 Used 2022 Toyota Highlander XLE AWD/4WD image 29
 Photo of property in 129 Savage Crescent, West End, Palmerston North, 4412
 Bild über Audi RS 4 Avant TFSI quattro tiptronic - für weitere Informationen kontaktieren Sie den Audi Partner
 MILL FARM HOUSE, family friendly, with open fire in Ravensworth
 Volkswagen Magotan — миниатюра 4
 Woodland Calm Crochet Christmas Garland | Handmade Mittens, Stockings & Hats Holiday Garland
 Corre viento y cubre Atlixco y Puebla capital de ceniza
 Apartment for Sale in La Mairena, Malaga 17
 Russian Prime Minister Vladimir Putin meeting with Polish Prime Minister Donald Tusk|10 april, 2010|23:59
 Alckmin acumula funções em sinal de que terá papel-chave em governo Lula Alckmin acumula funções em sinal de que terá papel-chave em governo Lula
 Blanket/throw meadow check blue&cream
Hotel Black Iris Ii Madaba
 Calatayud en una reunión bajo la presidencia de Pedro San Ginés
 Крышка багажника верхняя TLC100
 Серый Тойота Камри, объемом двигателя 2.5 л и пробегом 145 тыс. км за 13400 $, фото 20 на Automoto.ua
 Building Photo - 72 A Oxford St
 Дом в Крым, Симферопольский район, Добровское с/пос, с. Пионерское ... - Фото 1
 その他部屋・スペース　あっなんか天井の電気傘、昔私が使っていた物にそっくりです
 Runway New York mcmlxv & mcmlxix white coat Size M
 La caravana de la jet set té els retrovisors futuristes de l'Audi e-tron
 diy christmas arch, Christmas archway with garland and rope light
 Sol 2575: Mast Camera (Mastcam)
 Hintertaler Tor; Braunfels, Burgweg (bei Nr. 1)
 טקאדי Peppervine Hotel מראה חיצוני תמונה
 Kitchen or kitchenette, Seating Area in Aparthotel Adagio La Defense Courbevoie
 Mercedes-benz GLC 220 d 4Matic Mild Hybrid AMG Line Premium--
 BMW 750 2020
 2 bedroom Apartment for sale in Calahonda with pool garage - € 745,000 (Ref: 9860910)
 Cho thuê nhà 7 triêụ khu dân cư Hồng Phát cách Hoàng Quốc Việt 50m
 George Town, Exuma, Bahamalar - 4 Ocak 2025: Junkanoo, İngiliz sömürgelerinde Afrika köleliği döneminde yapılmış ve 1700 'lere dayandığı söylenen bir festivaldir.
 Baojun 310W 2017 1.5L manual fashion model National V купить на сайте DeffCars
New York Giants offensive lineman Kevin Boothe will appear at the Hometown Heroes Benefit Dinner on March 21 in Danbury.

○ ○ ○ ○ ○ ○ ○

» **WORK TASK**: Taking the listing above as the source, transcribe only the lines starting at the line with "governo Lula Alckmin" and going through the line with "טקאדי Peppervine Hotel מראה חיצוני תמונה", unaltered and with both ends included.

» **TASK ANSWER**:
 Alckmin acumula funções em sinal de que terá papel-chave em governo Lula Alckmin acumula funções em sinal de que terá papel-chave em governo Lula
 Blanket/throw meadow check blue&cream
Hotel Black Iris Ii Madaba
 Calatayud en una reunión bajo la presidencia de Pedro San Ginés
 Крышка багажника верхняя TLC100
 Серый Тойота Камри, объемом двигателя 2.5 л и пробегом 145 тыс. км за 13400 $, фото 20 на Automoto.ua
 Building Photo - 72 A Oxford St
 Дом в Крым, Симферопольский район, Добровское с/пос, с. Пионерское ... - Фото 1
 その他部屋・スペース　あっなんか天井の電気傘、昔私が使っていた物にそっくりです
 Runway New York mcmlxv & mcmlxix white coat Size M
 La caravana de la jet set té els retrovisors futuristes de l'Audi e-tron
 diy christmas arch, Christmas archway with garland and rope light
 Sol 2575: Mast Camera (Mastcam)
 Hintertaler Tor; Braunfels, Burgweg (bei Nr. 1)
 טקאדי Peppervine Hotel מראה חיצוני תמונה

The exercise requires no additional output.